Taxpayers, researchers, watchdogs, and journalists gain searchable, machine-readable public access to covered SGE names, titles, pay, agency, appointment dates, and (subject to limited exceptions) financial disclosures, enabling stronger public oversight and conflict-of-interest analysis.
Individuals who repeatedly serve as SGEs will be limited to 130 days per 365-day period, reducing prolonged informal arrangements and increasing accountability for when people are effectively acting as employees.
Federal workers who serve long‑term as SGEs will be reclassified as employees within 30 days, giving those individuals formal employment status and associated rights and benefits.
Federal agencies and the SGE workforce may face operational disruption: reclassification deadlines, the 130‑day cap, and counting rules (including short compensated days) can create immediate administrative burdens, hiring needs, and loss of flexible advisory arrangements.
Covered SGEs face heightened privacy and security risks because publication of names, titles, pay rates, and public financial disclosures can expose individuals to targeted harassment or reveal sensitive personal information.
OPM and executive agencies will incur implementation and ongoing administrative costs and workload to collect, review, audit, and publish SGE data, diverting staff time and resources and creating recurring expenses for taxpayers.
Based on analysis of 3 sections of legislative text.
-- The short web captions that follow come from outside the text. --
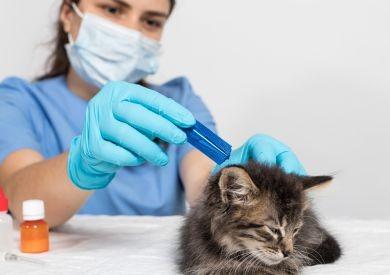 Mačky a antiparazitiká: Ako ochrániť maznáčika pred parazitmi na jar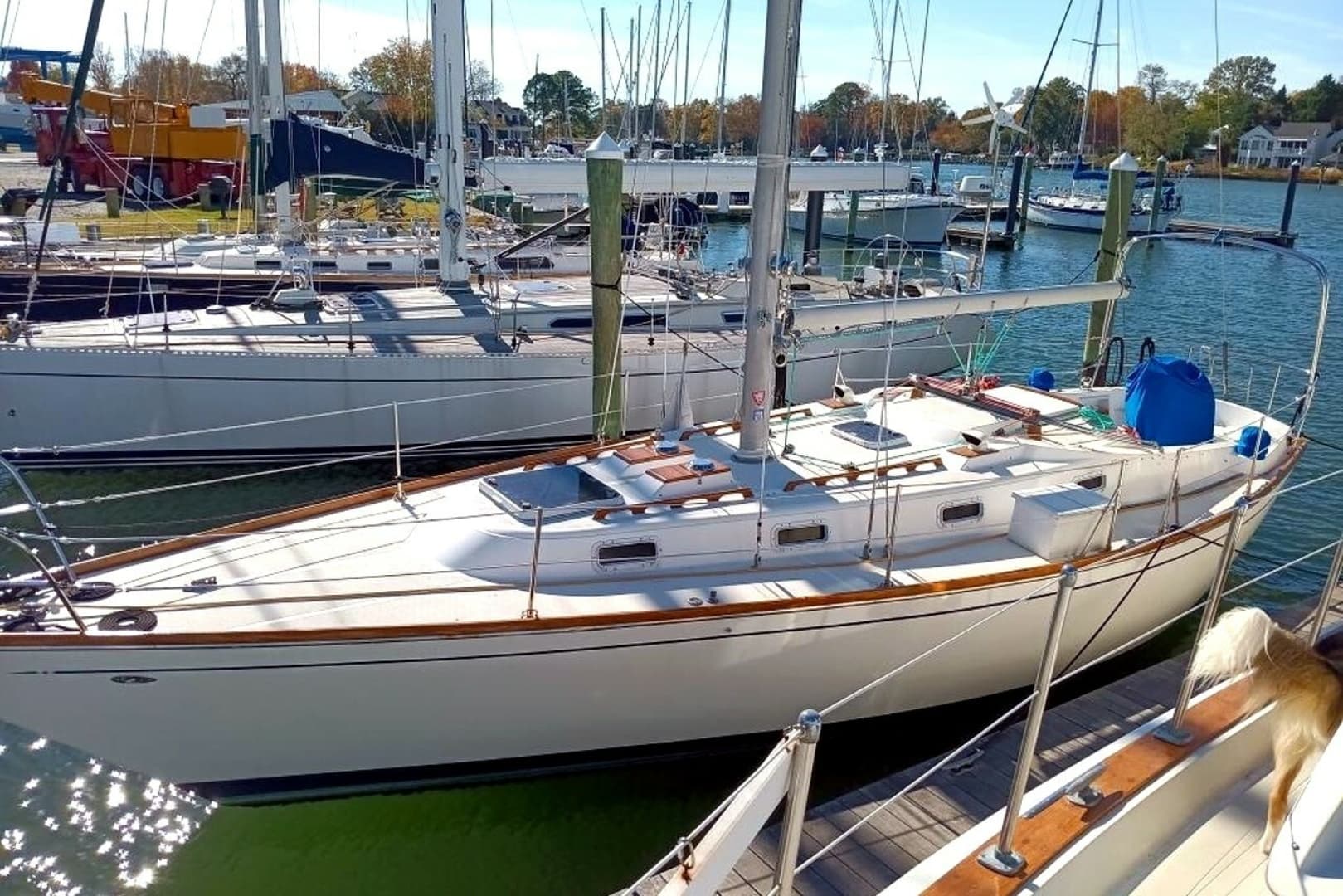 1980 Tartan 37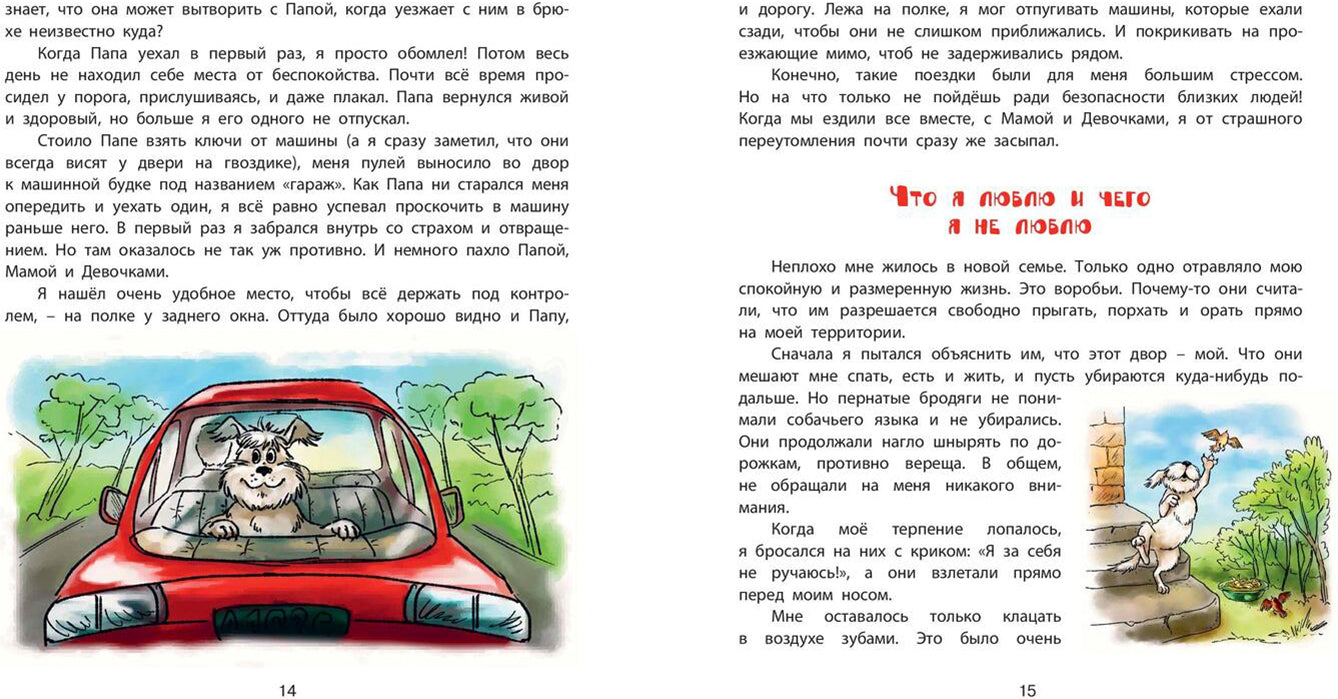 Пух, летающая собака (ожидается поступление)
Caps SGE service at 130 days/year, requires agency reclassification when exceeded, and creates a public searchable database of covered SGEs and most financial disclosures.
Introduced March 27, 2025 by Ben Ray Luján · Last progress March 27, 2025
Limits how long outside experts can serve as special Government employees (SGEs) to 130 days in any 365-day period and requires agencies to reclassify anyone who exceeds that limit. Creates a public, searchable, and accessible federal database of covered SGEs with names, titles, pay, appointment dates, agency, and links to financial disclosure reports, plus deadlines and audits to enforce agency reporting. Requires OPM, working with the Office of Government Ethics, to build the database within 210 days, sets short deadlines for agencies to notify OPM of personnel actions, and directs OPM to audit compliance and report to Congress within three years. Some financial disclosure reports will be posted publicly, with limited exceptions for classified material or certain exempted filers.